Analysis: BiFab is in administration – trade unionists and environmentalists are united in rage

“If an alliance can be forged drawing working class communities together with the environmental movement they could prove a potent force.”

TWO EVENTS have confirmed the failure of the Scottish and UK governments to create ‘just transition’ to green energy in Scotland in recent days.

The first was a vote by the Scottish Parliament to condemn the Scottish Government’s handling of the BiFab crisis, an unusual sanction in a parliament where the SNP are the dominant party (the vote passed by a bare 61 to 60). The second, less than 24 hours later, was the news that BiFab had finally gone into administration.

The construction yards at Fife and elsewhere have lain idle for many months, as contracts to construct wind-energy components failed to materialise. Canadian firm JV Driver laid the blame at the door of both the Scottish and UK Governments for the failure, which they said failed to provide enough cash – and unions slammed the Scottish Government for agreeing with the UK Government to back away from efforts to secure fresh contracts.

We should remember with the owners’ criticisms that this is a company that purchased BiFab for £1 and took £52 million of Scottish Government funds for no return. As ever, the corporate owners will not be the ones to suffer from the loss of work and infrastructure. Not so for the dwindling numbers of industrial workers in the country – badly needed for any serious transition to new energy sources.

In recent years unions have made clear their suspicion of a ‘just transition’ and its capacity to deliver jobs. The latest collapse has only confirmed these fears. A joint statement by the Unite and GMB unions slammed the “myth of Scotland’s renewables revolution”, Scottish Labour’s Alex Rowley complained of “the fraud that is the SNP’s claims of a renewables revolution”.

STUC General Secretary Roz Foyer said: “Today’s announcement is the latest stage in a sorry saga of government and corporate failure with the victims being workers and their families from Fife to the Islands. These failures began over a decade ago with false promises of Scotland becoming ‘The Saudi Arabia of Renewables’ without an investment and industrial strategy to match.

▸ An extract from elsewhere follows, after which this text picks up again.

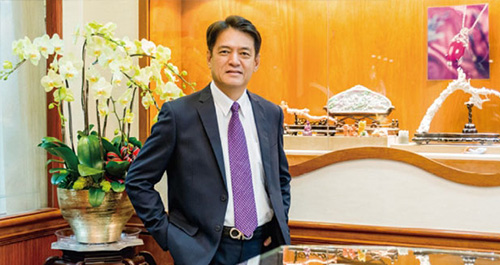 曾思偉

“No statement of commitment to move forward and create clean energy and renewables supply chain jobs will be believed unless government and big business accept their previous failings. The current mistrust goes to the heart of workers’ faith in a Just Transition and without a Just Transition the whole journey towards net zero is at risk.”

“Despite plans for billions of pounds of offshore wind investment, manufacture and construction, major elements of future projects including jacket construction currently appear destined for low cost labour countries in the East and/or state supported European competitors.

“We do not intend to give up. While there is the faintest hope to bring immediate work to the yards, we will fight for it. And whatever happens on the NNG contract we will be pushing governments north and south of the border to bring forward an urgent plan for jobs driven by an overhaul or procurement policy and step change in investment.”

The argument that this failure on the part of both governments north and south, and big business, challenges the entire narrative around an industrial response to climate change, is not only true and of elemental power, it is shared passionately by climate activists.

Responding to the news of the company entering administration, Scot.E3, a campaign specifically set up to draw trade unionists and environmentalists together, said: “Scot.E3 has argued consistently that the only effective way to develop a serious plan for transition is through public planning and public control. Taking BiFab into public ownership could be a first step. One thing is clear that to get the Scottish Government to take this seriously and to respond to the motion extra parliamentary pressure is required.”

The basis clearly exists for a broadening of the front for action for jobs, economic development and the environment. Between the unions, the climate strikers who mobilised many thousands last year, and environmental campaigners more broadly – there is no reason why a government that has been defeated in parliament could not also face defeat outside of its limitations. The traditional ‘conflict’ between industrial unions and wider environmental protest movements can be bridged so long as the fight is real and determined.

This comes as no consolation at all to those who are losing their jobs, nor to the many more who will lack employment in the future due to the failure to construct a coherent industrial response to climate change and shifts in energy production. But if an alliance can be forged drawing working class communities together with the environmental movement they could prove a potent force. Such a bloc would represent not just the interest in green industrial rebirth, but the accumulated skills – both theoretical and career-experience – to launch it on the necessary scale. The failure of such an alliance could only the cement the cynicism and complacency of capital and state.